Exercise details:
In the data below, set down exactly the lines from the one containing "梧桐树寓意 梧桐树寓意" up to and including the one containing "七股非法犬貓繁殖場遭查獲，90隻毛孩成功獲救，將安排健康照護與認養". Leave the pictures out.

Data listing:
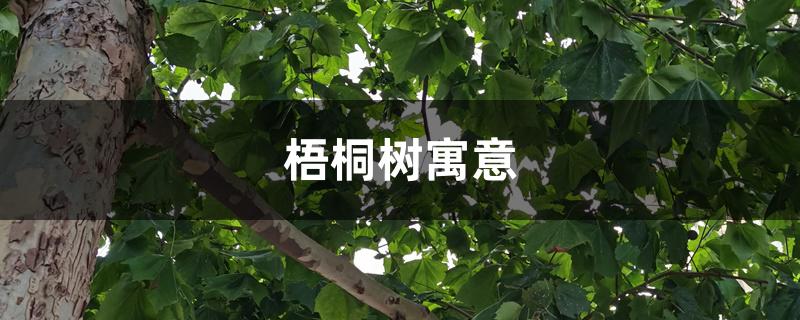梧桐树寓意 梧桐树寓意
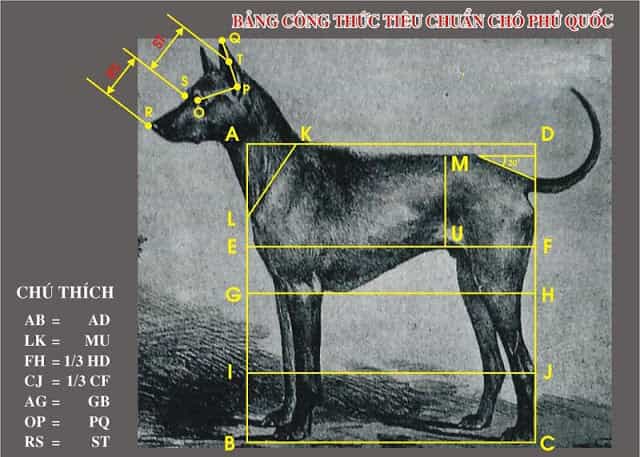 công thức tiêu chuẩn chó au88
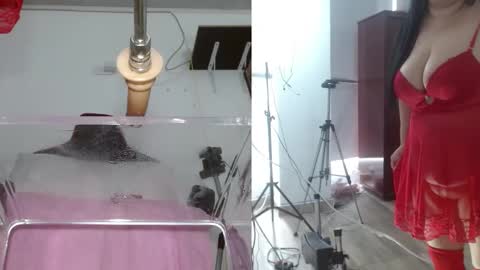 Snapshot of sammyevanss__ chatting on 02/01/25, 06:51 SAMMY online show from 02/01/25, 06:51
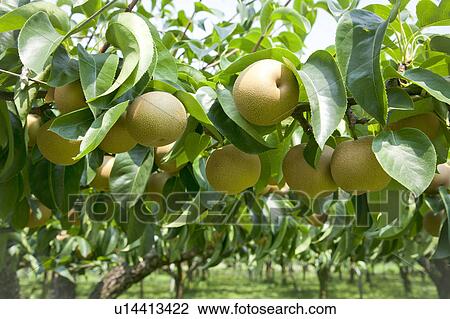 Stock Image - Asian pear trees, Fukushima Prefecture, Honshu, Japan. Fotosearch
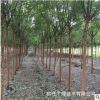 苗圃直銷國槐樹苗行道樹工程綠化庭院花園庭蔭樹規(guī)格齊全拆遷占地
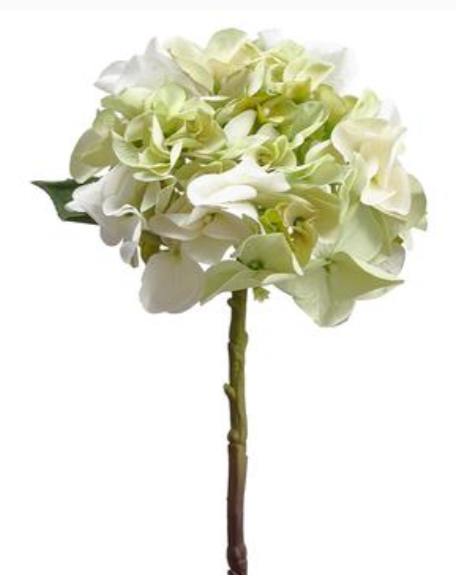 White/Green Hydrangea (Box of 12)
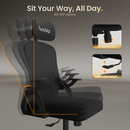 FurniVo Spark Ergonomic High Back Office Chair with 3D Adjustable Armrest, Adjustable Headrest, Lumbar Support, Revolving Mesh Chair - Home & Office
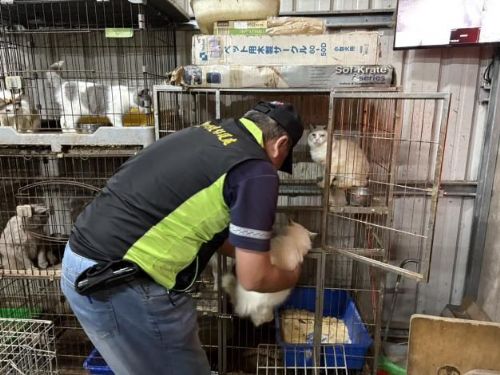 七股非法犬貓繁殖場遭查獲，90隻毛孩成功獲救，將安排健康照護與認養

---

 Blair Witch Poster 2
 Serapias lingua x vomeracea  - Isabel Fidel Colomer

Answer box:
梧桐树寓意 梧桐树寓意
 công thức tiêu chuẩn chó au88
 Snapshot of sammyevanss__ chatting on 02/01/25, 06:51 SAMMY online show from 02/01/25, 06:51
 Stock Image - Asian pear trees, Fukushima Prefecture, Honshu, Japan. Fotosearch
 苗圃直銷國槐樹苗行道樹工程綠化庭院花園庭蔭樹規(guī)格齊全拆遷占地
 White/Green Hydrangea (Box of 12)
 FurniVo Spark Ergonomic High Back Office Chair with 3D Adjustable Armrest, Adjustable Headrest, Lumbar Support, Revolving Mesh Chair - Home & Office
 七股非法犬貓繁殖場遭查獲，90隻毛孩成功獲救，將安排健康照護與認養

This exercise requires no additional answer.